By Kirstin Karoub
Growth is defined often as the process of getting larger in size.
But it is also the process of developing and evolving. When it comes to business, there is an implied assumption that in order to succeed, a business must grow, and that usually means more employees, more clients, more revenues – bigger equals better.
But is bigger always better?
When I was a kid, I thought so. As a short kid desperately awaiting my height gain, growth meant more respect, being seen as an equal and establishing power over those smaller than myself. It wasn’t until I was 15 that I hit my current towering stature of 5’ 3” and realized respect, equality, and power must come in other ways.
We aren’t always going to get bigger to be better. Growth can and should refer to a process of evolving, continually broadening our world view, developing greater understanding, acquiring new skills to navigate this world.
In business, growth is most commonly defined by increase in revenue, profits, employees, locations, franchises, brand recognition, and customer engagement.
I recently attended a small business summit where one of the breakout sessions focused on women-owned businesses. The facilitator quoted this statistic: between 2007 and 2017, women-owned business startups grew 114 percent, 2.5 times higher than the national average.
However, despite this astounding stat, and the fact that women-owned businesses make up 40 percent of all privately held firms, women-owned businesses only contribute 8 percent toward employment and 4.3 percent of total private sector annual revenues.

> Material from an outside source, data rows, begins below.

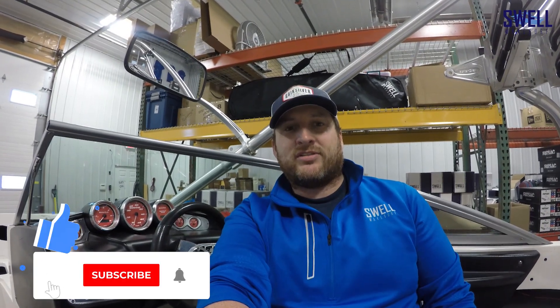Subscribe and follow along to the video series and comment. Let us know if you have any questions or anything else we should tackle on this project.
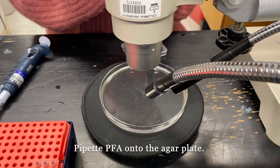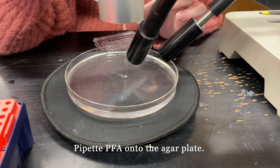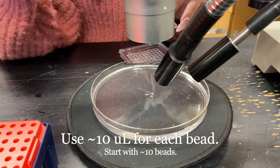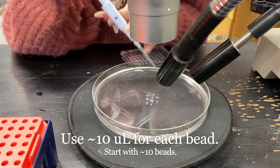As we knock the flies out, we can pipette PFA, the fixation solution, onto the agar plate. Pipette about 10 beads of PFA onto the plate.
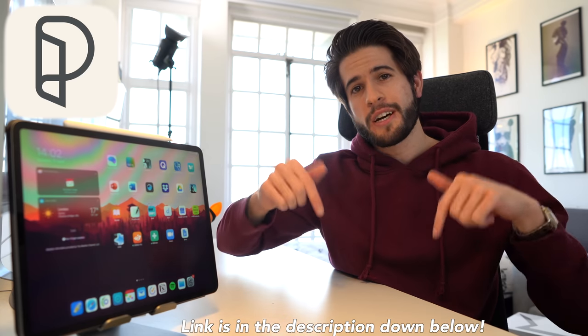This video is brought to you by Paperlike, the iPad screen protector that makes writing or drawing on an iPad feel just like paper. Check out the links in the description down below to learn more.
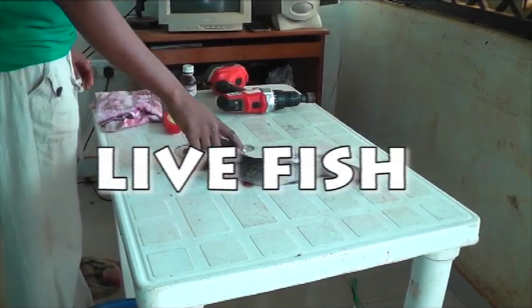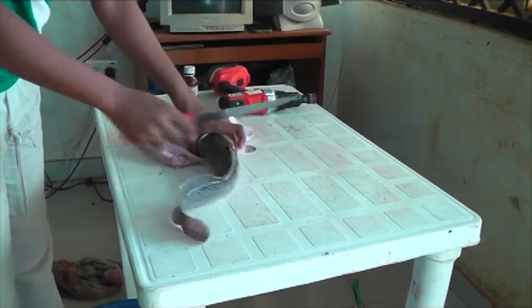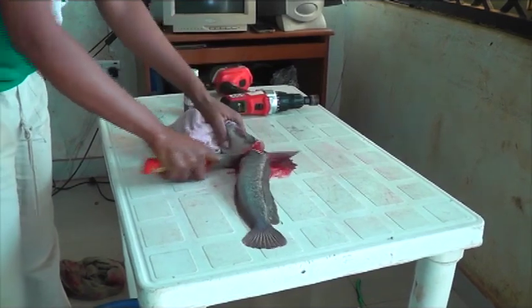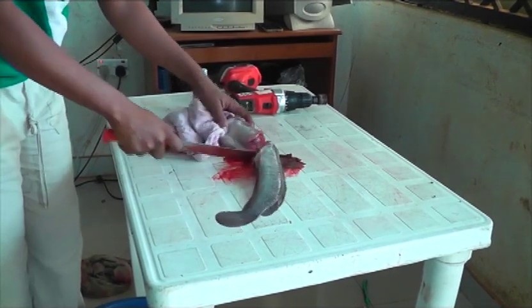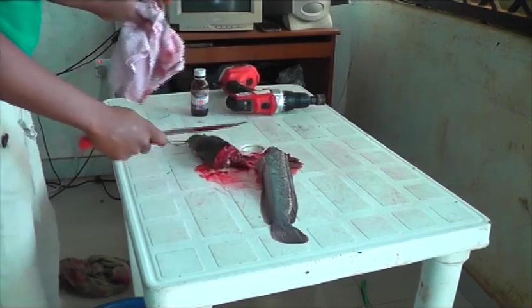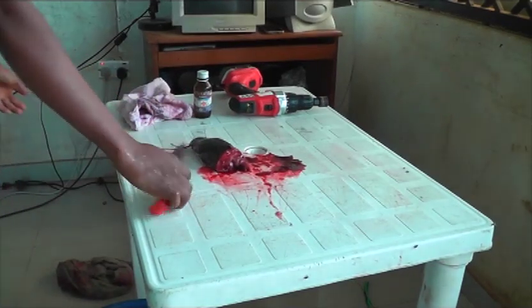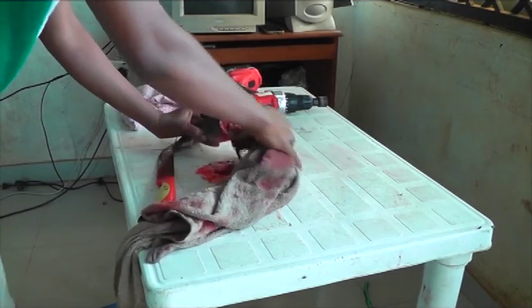The next step is to cut your fish into two to drain the blood. Drain and clean the fish very well, clean the blood properly.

Women-owned businesses enter the market at a rapid clip, but do not grow or contribute at the same rate.
The implication was that women come in droves to the game, but have trouble getting on the playing field, let alone leveling it. There were plenty of reasons given – women don’t have the same access to mentors or funding, and they have to fight harder to overcome cultural perceptions.
We at Your People have a different perspective on this conundrum. As a woman-owned business that is growing in clients and revenues, we are committed to staying small, continuing to work from our homes rather than inhabiting an office, and yet we still believe we can grow in meaningful ways.

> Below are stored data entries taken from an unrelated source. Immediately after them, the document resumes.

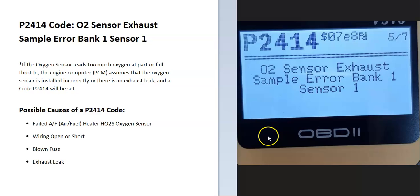Today I'm talking about a P2414 code — what it is and how you go about fixing it. A P2414 code is an O2 sensor exhaust sample error, bank one sensor one.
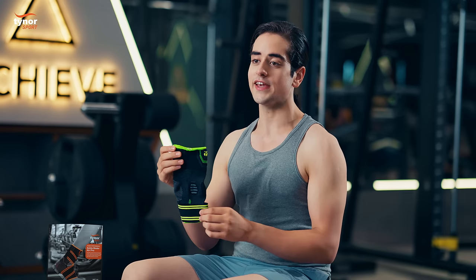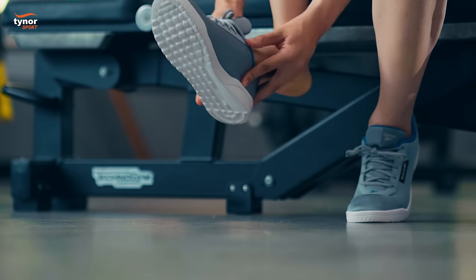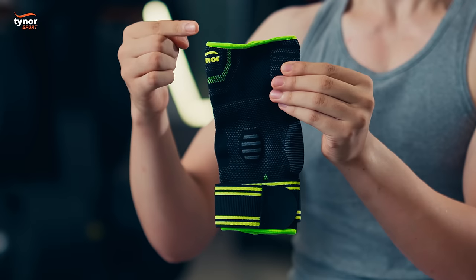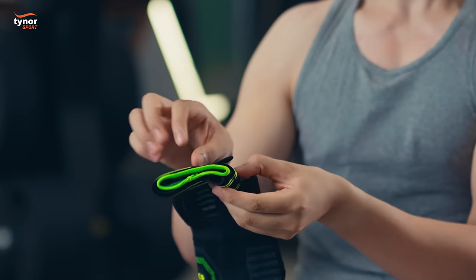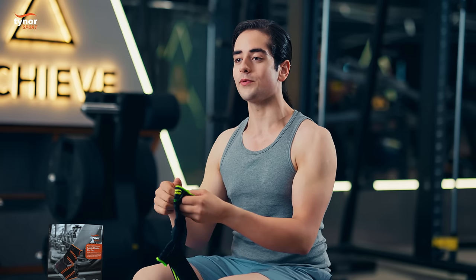Let me show you how to wear the Ankle Binder Air Pro. First, remove your shoe. Ensure that the longer half of the product is facing upwards. Unfasten the hook loop fastener of the product. Put your foot through the product with a simple pull-on action.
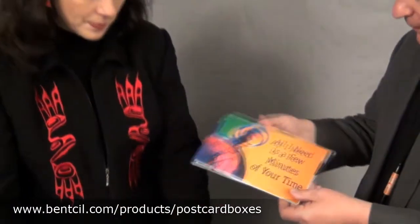Well, this is not a box. This is what we call a fold-over postcard, and it is postal approved. When you pull it out of the box and open it, you find a gift. We have many different gifts available.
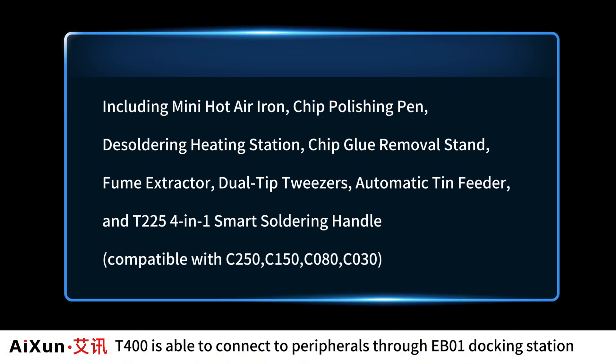The T400 is able to connect to peripherals through the EB-01 Docking Station, including a mini hot air iron, chip polishing pen, and desoldering heating station.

With that in mind, what if some business owners are happy where they are because it satisfies their goals, accommodates work-life balance, and allows for pursuits in other areas of interest? Does that mean, like this article suggests, that if they’re not growing in the most common definition of the word, they’re dying?
I think not.
There are businesses that are simply achieving the goals they set all along, providing time, fulfillment, and a different kind of balance that could not come with a higher level of enterprise.
What compels a business owner to expand?
To increase earning power and share wealth with employees. To offer more products and services to benefit and retain clients. To reach new customers, stay ahead of competition, achieve stability and economies of scale, establish oneself as an industry leader opening doors and developing markets.
Many people are fueled by the thrill of the chase. They are driven by increased income, higher status, a larger network. Some are motivated by being a top player, achieving market leader status.
Others are not.
Growth brings increased risk, higher costs of time and money, greater workload and more stress. Growth can lead to a possible drop in quality as work expands and stretches capacity. Growth often leads to a loss of direct control, which challenges quality.
This is where growth doesn’t always advance business for the better.
Staying small affords many benefits like flexibility and agility, the ability to dominate a niche, lower operating costs and more opportunity for balance.
Our firm represents clients running mission-driven businesses and organizations fueled by purpose. We see growth as increasing positive impact on one more person. The fulfillment and meaning found from this kind of growth can both ignite and drive an individual’s passion as well as the mission of the organization.
We believe wholeheartedly that there is a place for everyone.
There is place for the go-getters, networkers, and increasers driven by perpetual upward motion.
There’s a place for those who are happy with a little slice of the pie, doing fulfilling work.
These business owners might be looking for a different kind of profit to fund their lives, make a different kind of impact, control a different kind of share.
If the market will bear it, it’s the best of both worlds.
Kirstin Karoub is Vice President, Operations & Strategy, Your People LLC.